Baru-baru ini, beranda FYP dan ruang publik kita diramaikan oleh polemik pengibaran bendera One Piece. Mulai dari jalanan, konser musik, sampai ke lingkungan RT/RW.
Simbol bajak laut topi jerami itu tiba-tiba jadi sorotan nasional. Yang bikin saya geleng-geleng, respon pemerintah dan aparat justru seperti menghadapi ancaman besar negara. Kayak yang takuuuuuut bangettttt.
Awalnya sih, bendera ini cuma jadi ekspresi iseng sekaligus sindiran masyarakat aja. Sopir truk, mahasiswa, sampai warga kampung mulai mengibarkannya, seakan ingin bilang, “kami kecewa, kami bosan.”
Tapi, alih-alih ditanggapi dengan kepala dingin, para pejabat malah bereaksi keras. Ada yang bilang bisa memecah belah bangsa, ada yang menuding sebagai upaya makar.
Buset dah, kayak kejauhan gitu sih, sampe dikata makar segala. Lagian, memecah belahnya darimana? Wong pada kompak, kok, buat mengibarkan bendera OnePiece ini. 😂
Bahkan, imbauan resmi keluar agar RT dan RW melarang warganya mengibarkan bendera One Piece, terutama menjelang 17 Agustus kemaren.
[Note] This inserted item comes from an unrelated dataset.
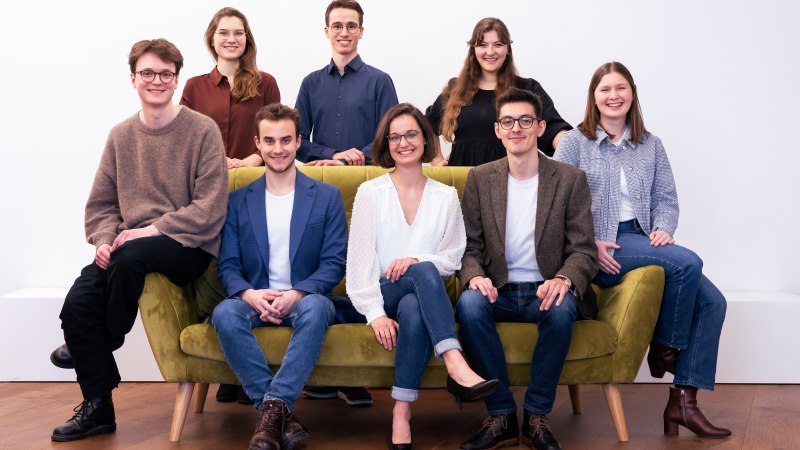 Acht junge Erwachsene posieren lächelnd um ein grünes Sofa vor einem weißen Hintergrund., © calens vocalensemble stuttgart Acht junge Erwachsene posieren lächelnd um ein grünes Sofa vor einem weißen Hintergrund., © calens vocalensemble stuttgart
Lucunya, Presiden Prabowo sendiri kabarnya tidak terlalu mempermasalahkan. Yang penting, kata beliau, Merah Putih tetap dikibarkan lebih tinggi. Jadi sebenarnya masalahnya bukan di presiden, tapi justru di “bawah-bawahnya” yang heboh sendiri.
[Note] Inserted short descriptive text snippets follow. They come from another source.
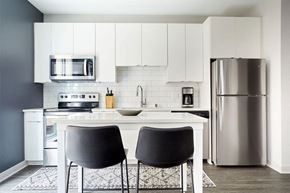 Minneapolis apartment for rent - a white kitchen with black chairs and a stainless steel refrigerator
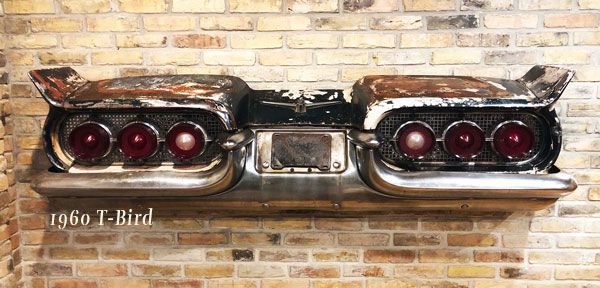 A 1960 t-bird tail light is hanging on a brick wall.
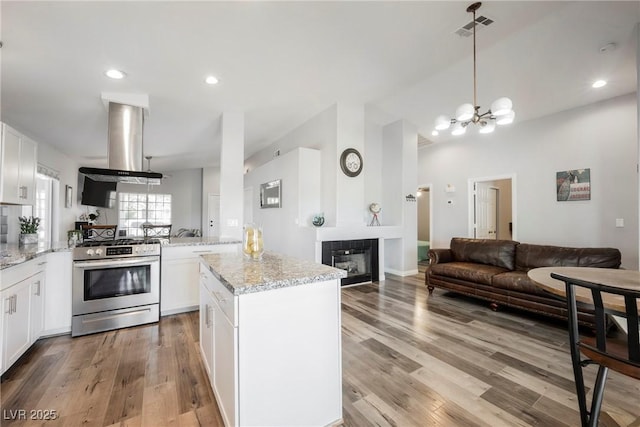 6552 Sweetzer Way, Las Vegas, NV 89108 - kitchen featuring stainless steel range with gas cooktop, wall chimney exhaust hood, open floor plan, light stone counters, and recessed lighting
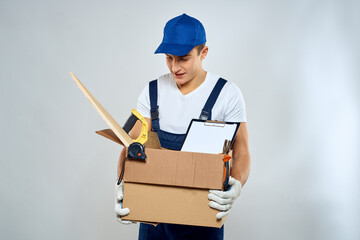man in working uniform with a box in his hands tools loader delivery light background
Mereka seolah-olah melihat bendera kartun sebagai ancaman lebih berbahaya daripada maling atau koruptor. Aneh Bin Lucu Bin Ajaib, kan?
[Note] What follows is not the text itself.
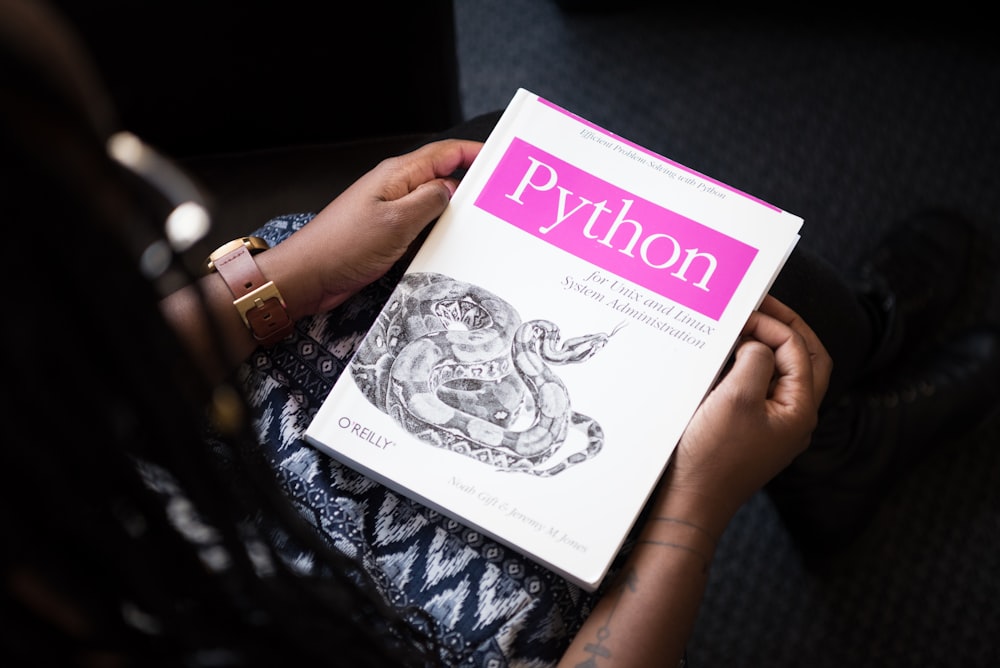 shallow focus photo of Python book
Puncak keanehan terjadi di konser RI Fest 2025 beberapa hari yang lalu.
Seorang penonton sedang moshing sambil membawa bendera One Piece. Polisi yang berjaga justru bereaksi dengan cara kasar, ada dugaan pemukulan.
Adegan ini bikin Awan, bassist band .Feast, naik pitam. Dari atas panggung, ia menegur keras aparat: “Kalau maling baru boleh lu pukulin. Kalau orang cuma bawa bendera One Piece, jangan dipukulin.”
Yang bikin hebohnya lagi, Awan mengulti dengan nada satir, “bentar lagi kayaknya guwe ditangkep nih. Ditanyain lokasinya dimana”. 😂
Ucapannya langsung disambut sorakan panjang dari penonton. Jujur, momen ini jadi potret mengejutkan, masyarakat merasa aparat terlalu jauh menekan, sementara masalah yang lebih serius justru dibiarkan.
Jika kita lihat dari kacamata publik, sikap pemerintah ini memang aneh sih dan kontradiktif.
Bendera fiksi dianggap ancaman, tapi pencurian, korupsi, atau pungli seolah tak sebesar itu urgensinya. Wajar kalau publik menganggap tindakan aparat kelewat berlebihan.
Dan di titik inilah sebenarnya pertanyaan besar muncul: apakah negara ini masih sanggup menerima kritik dengan cara damai dan simbolik? Atau kita memang sedang masuk era di mana kreativitas warga dipersekusi, sementara persoalan nyata dibiarkan begitu saja?
Yang jelas, pengibaran bendera One Piece sudah menjelma simbol baru—bukan sekadar fandom anime, tapi suara kecewa yang dibungkam dengan cara yang konyol.